Mark 'Kamikaze' Hughes said:
Knock this "law" shit off, it's juvenile. It's "Some Guy Named
Chris's Weird-Ass Personal Tastes in Exception Handling".

I was joking. Sorry you lack a sense of humor. It must be
debilitating.
You are wrong. <http://java.sun.com/docs/codeconv/>

Look, I used to like the lined-up brace style, too, and in C people
are used to varying indentation styles, but it's *NOT* the normal format
for Java. 90% of the software projects anyone works on use the Sun
coding conventions, and you will cause needless strife with your
co-workers if you violate them because you think it looks prettier some
other way.

I am aware that Sun's coding conventions disagree on this point. While
most people adopt Sun's naming conventions, though, the remainder of the
coding conventions are far less universal. There's a good reason for
that; you can't effectively change Sun's naming conventions because
you'd have to use them anyway when accessing the standard API. The same
is not true for brace placement.

Anyway, it doesn't matter all that much. Obviously you are taking this
way too seriously. I write to give advice about exception handling. If
you want to talk about exception handling, then go for it.

--
www.designacourse.com
The Easiest Way To Train Anyone... Anywhere.

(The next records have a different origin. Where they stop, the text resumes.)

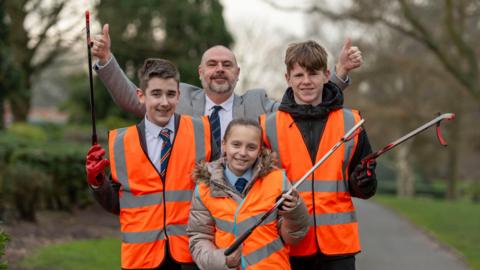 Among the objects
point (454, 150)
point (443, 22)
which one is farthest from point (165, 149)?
point (454, 150)

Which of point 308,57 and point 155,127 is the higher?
point 308,57

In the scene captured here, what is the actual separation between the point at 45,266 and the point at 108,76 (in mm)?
4756

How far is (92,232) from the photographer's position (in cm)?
1251

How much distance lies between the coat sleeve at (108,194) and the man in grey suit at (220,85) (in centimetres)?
69

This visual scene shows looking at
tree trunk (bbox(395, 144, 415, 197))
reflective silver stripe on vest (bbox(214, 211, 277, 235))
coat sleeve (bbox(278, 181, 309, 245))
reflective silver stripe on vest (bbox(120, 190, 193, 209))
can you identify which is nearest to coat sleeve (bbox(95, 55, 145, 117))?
reflective silver stripe on vest (bbox(120, 190, 193, 209))

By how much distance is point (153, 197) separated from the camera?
4539mm

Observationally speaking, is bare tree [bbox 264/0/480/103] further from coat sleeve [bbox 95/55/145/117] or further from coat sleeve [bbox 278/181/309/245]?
coat sleeve [bbox 278/181/309/245]

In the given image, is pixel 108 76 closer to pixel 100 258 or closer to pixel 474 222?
pixel 100 258

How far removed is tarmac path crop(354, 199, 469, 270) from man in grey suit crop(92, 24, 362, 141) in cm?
617

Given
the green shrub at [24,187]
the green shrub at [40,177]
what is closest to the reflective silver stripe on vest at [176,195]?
the green shrub at [40,177]

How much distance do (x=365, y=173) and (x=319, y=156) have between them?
0.29 meters

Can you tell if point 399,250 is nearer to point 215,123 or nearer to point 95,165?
point 215,123

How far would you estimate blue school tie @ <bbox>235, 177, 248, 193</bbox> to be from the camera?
437 cm

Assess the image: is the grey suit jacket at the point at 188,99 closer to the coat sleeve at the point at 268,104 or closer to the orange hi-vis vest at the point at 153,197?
the coat sleeve at the point at 268,104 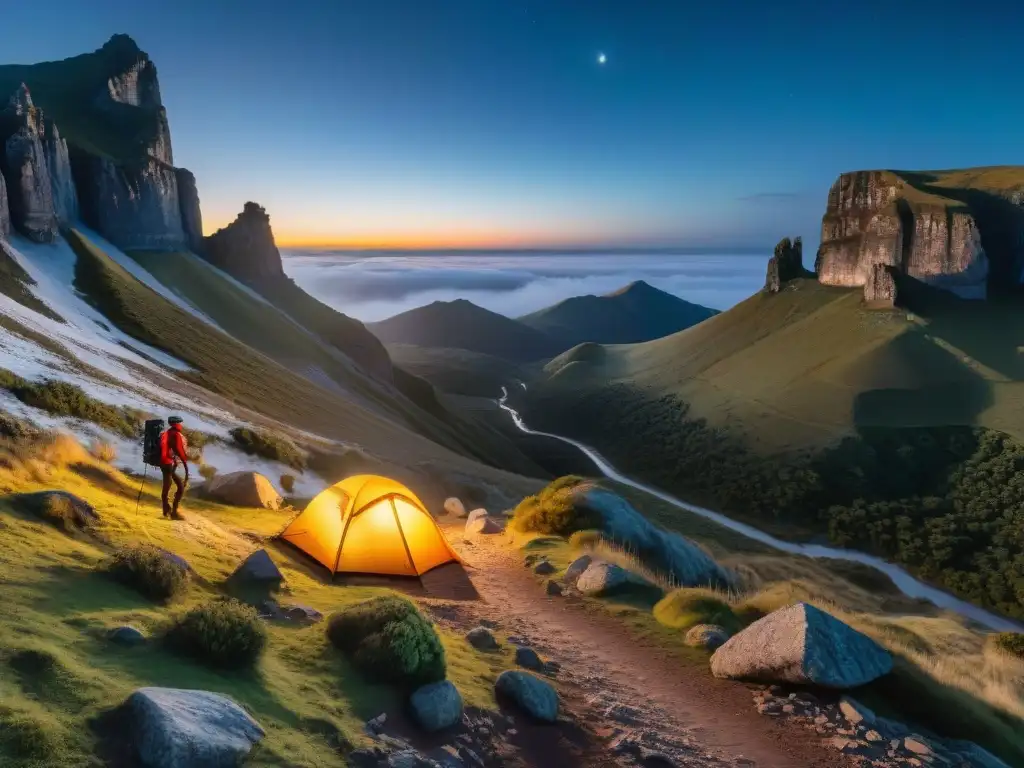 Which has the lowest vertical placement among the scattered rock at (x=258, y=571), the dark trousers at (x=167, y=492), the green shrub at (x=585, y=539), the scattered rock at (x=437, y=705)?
the green shrub at (x=585, y=539)

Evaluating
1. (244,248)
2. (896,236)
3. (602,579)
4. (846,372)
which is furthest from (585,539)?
(896,236)

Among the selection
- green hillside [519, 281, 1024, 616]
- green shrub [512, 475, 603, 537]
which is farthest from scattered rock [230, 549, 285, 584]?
green hillside [519, 281, 1024, 616]

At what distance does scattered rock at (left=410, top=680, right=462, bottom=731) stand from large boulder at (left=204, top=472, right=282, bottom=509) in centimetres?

Chris Smith - Lead Software Developer/Technical Trainer
MindIQ Corporation
 
C

Chris Smith

Mark 'Kamikaze' Hughes said:
Yes. You should handle exceptions as close to their cause as you
reasonably can.

I don't see any good reason for that. If I plan to handle problems in
code by emailing a problem report to an administrator and then updating
a status code on a monitoring web site somewhere, then I don't think the
code to do that should be scattered about the entire application.

Even worse (as I explained later in my first reply), you are potentially
ignoring serious problems in your code and continuing as if the file
write operating succeeded. Sure you can set a flag in the catch block
and then put an if statement after it, but then you've sort of missed
the point of using exceptions, haven't you?

--
www.designacourse.com
The Easiest Way To Train Anyone... Anywhere.

Chris Smith - Lead Software Developer/Technical Trainer
MindIQ Corporation
 
M

Mike Schilling

Chris Uppal said:
I wouldn't go along with that. The point -- whether on Usenet or in
"real"
code -- is to be as readable as possible, not to be as short as possible.

I'll go so far as to agree that vertical whitespace can be minimised
(compared
to code intended for reading "in bulk"), but that's about as far as I will
go.
E.g. on Usenet I don't see anything wrong with trivial methods coded

int trivial() { return trivial; }

although I'd hate to see that in real code. But the K&R layout has not
better
excuse on Usenet than it has anywhere else.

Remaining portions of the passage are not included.